In December, BD announced a $1.2 billion investment in expanding manufacturing capacity for prefilled syringes.
That capacity, intended to help with future pandemics and a growing number of injectable drugs, won’t come online until 2023.
Scale-down: As cases of COVID-19 drop in the U.S., some pandemic-related activities will start to wind down, but the timing is difficult to predict.
The number of COVID-19 tests in the U.S. has fallen from about 2.3 million in early January to about 1 million in mid-May.
BD executives are still hoping to play a role in COVID-19 testing going forward, but it may not be the massive level of testing seen during the peak of the pandemic.
COVID-19 testing made up nearly 10% of BD’s revenue in the first three months of 2021.
The company has been expanding its portfolio of COVID-19 testing options, including a device that tests for flu and COVID-19 at the same time, which the company believes could be an important tool during flu season.
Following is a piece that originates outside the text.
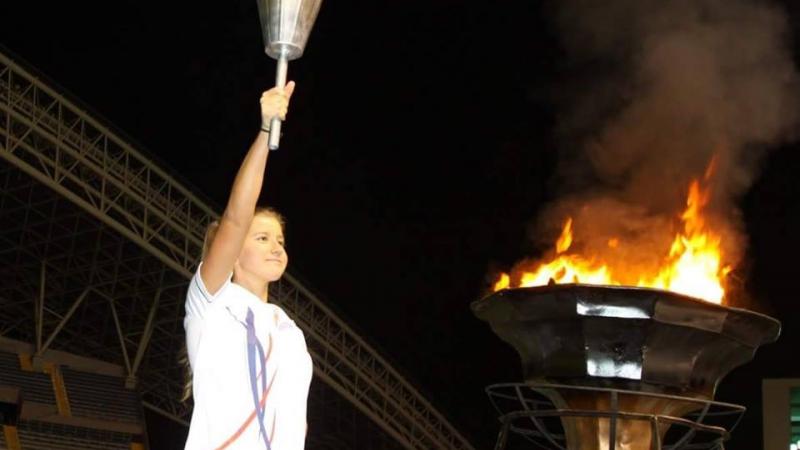 a female Para athlete lighting a cauldron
“We’re pulling all the levers we can to make COVID testing more sustainable as we think about the combined COVID and flu assay,” BD CEO Tom Polen said on a recent conference call. “We’re also working on the at-home test. That should have some ability to have sustainability in COVID testing. But clearly, it will come down.”
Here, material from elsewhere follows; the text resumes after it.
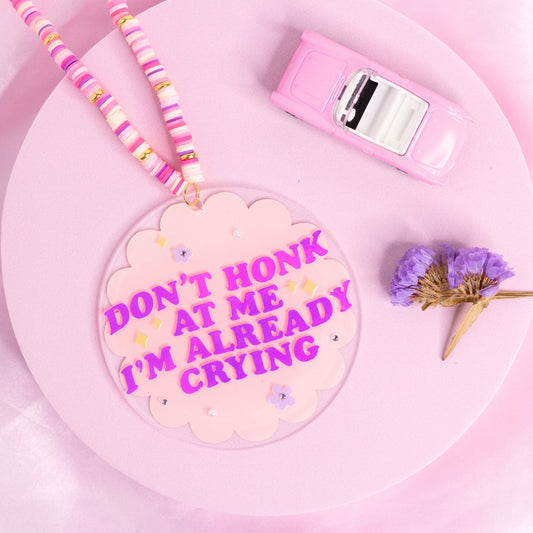 “Pink ‘Don’t honk at me I’m already crying’ car charm – soft, emotional, and very on-brand for sensitive girlies.”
In financial filings, McKesson reported that COVID-19 tests, PPE sales and distribution of ancillary supplies for COVID-19 vaccines accounted for 20% of the company’s medical distribution segment revenues.
“As vaccines rise and COVID falls, there should just naturally be less demand for COVID test kits,” Tyler said at the Bank of America investor conference.
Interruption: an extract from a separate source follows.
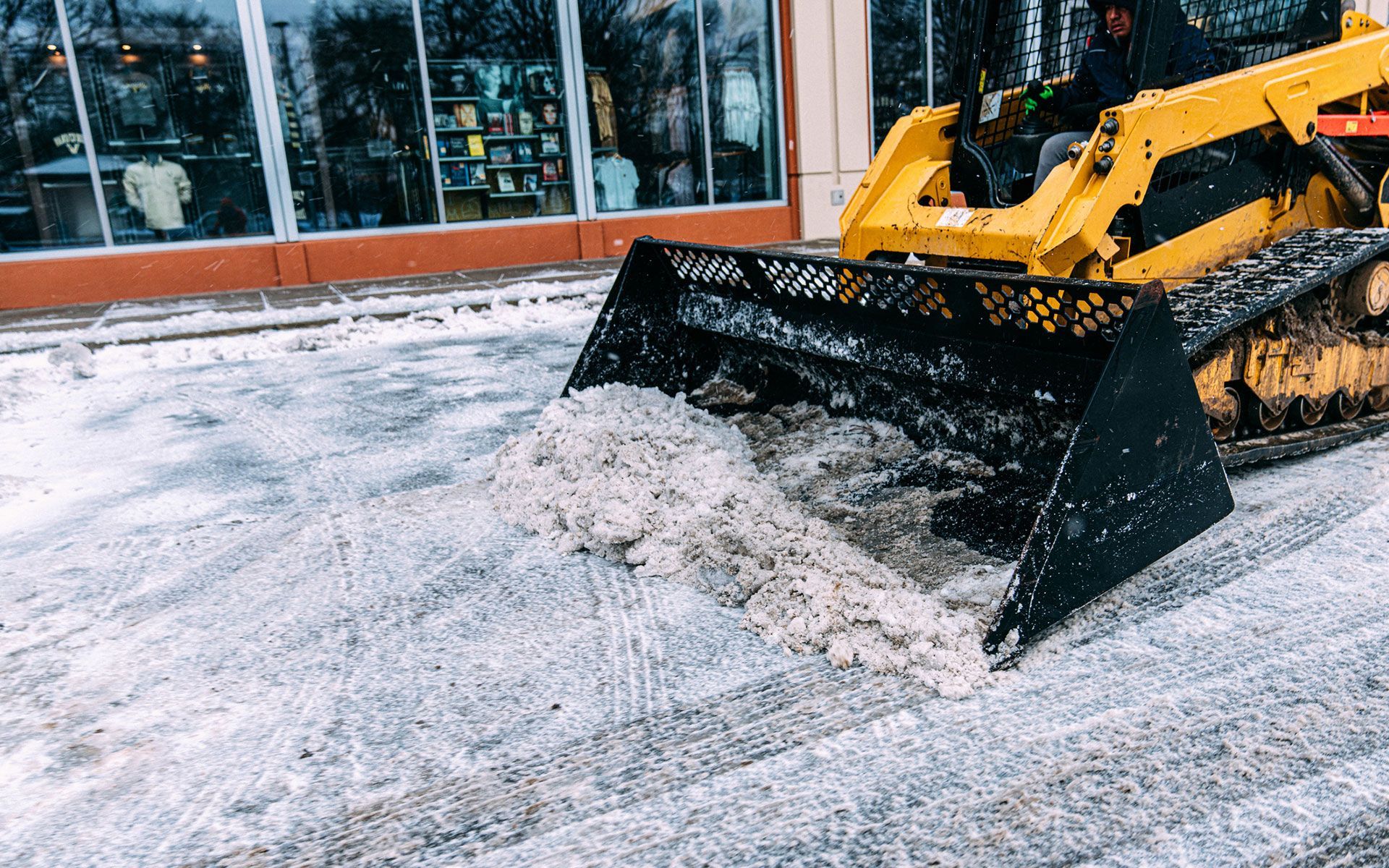 A bulldozer is clearing snow from the sidewalk in front of a building.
Comeback: As COVID-19 testing slows down, other areas of health care utilization have been increasing. That should more than make up for business lost due to the waning pandemic.
On a conference call, Kaufmann said demand for surgical products hit 95% of normal near the end of 2020. Rising case numbers in the U.S. drove demand back down to 90% in the first few months of 2020.
By the end of March, demand had bounced back to about 95%, and the company expects to reach pre-COVID levels over the next six months.
Masks and social distancing essentially eliminated the cold and flu season last year, leading to low levels of prescriptions. Now, drug distributors expect those drugs will start bouncing back.
As we look to the current situation and … with vaccines and a lower incidence of COVID-19 in many parts of the country, people will be scheduling these diagnostic procedures and getting referrals for physicians to treat conditions,” AmerisourceBergen CFO Jim Cleary recently said on a conference call.
New normal: Other parts of the health care supply chain simply won’t return to normal, according to Robert Rajalingam, president of U.S. medical solutions sales at Cardinal Health.
“We’re not trying to go back to the way things were before. We are taking this time to set our go-forward plan … and that might look a little different than it did a year ago,” Rajalingam wrote in an email.
After shortages during the pandemic, Cardinal expects that demand for PPE will remain slightly elevated compared to previous years.
Cardinal is planning to make its supply chain more geographically diverse and add more domestic manufacturing capacity. The company is also hoping for more collaboration with customers when it comes to sharing data about inventory and supply chain bottlenecks.
“Right now – and as we transition to a post-pandemic state – we’re making investments and enhancements across the supply chain,” Rajalingam wrote.
That includes improving the management of suppliers to ensure they can deliver necessary products. It also means expanding the company’s distribution network so Cardinal can get those products to customers.
Rajalingam said Cardinal plans to invest $50 million to add 1 million square feet to distribution centers across the U.S.